HOW TO COMPLETE THIS TASK: When you reach the line containing "Nielsen: The Complete" in the records below, start copying exactly, and stop once you have copied the line containing "WordMeaning blackboard for vitaceae".

#### PROVIDED DATA ####

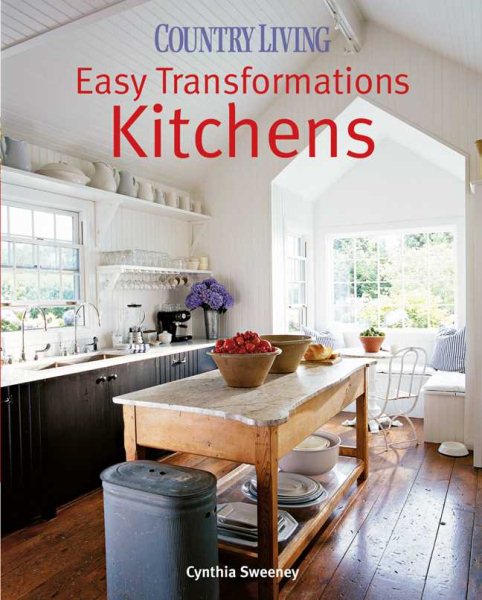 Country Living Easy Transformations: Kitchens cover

####
#### PROVIDED DATA ####

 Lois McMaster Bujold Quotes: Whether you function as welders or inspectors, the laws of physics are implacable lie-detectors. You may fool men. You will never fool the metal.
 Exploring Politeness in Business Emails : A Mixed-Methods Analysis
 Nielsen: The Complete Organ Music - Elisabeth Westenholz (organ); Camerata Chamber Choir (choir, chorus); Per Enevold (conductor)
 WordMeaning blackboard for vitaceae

####

TASK OUTPUT:
 Nielsen: The Complete Organ Music - Elisabeth Westenholz (organ); Camerata Chamber Choir (choir, chorus); Per Enevold (conductor)
 WordMeaning blackboard for vitaceae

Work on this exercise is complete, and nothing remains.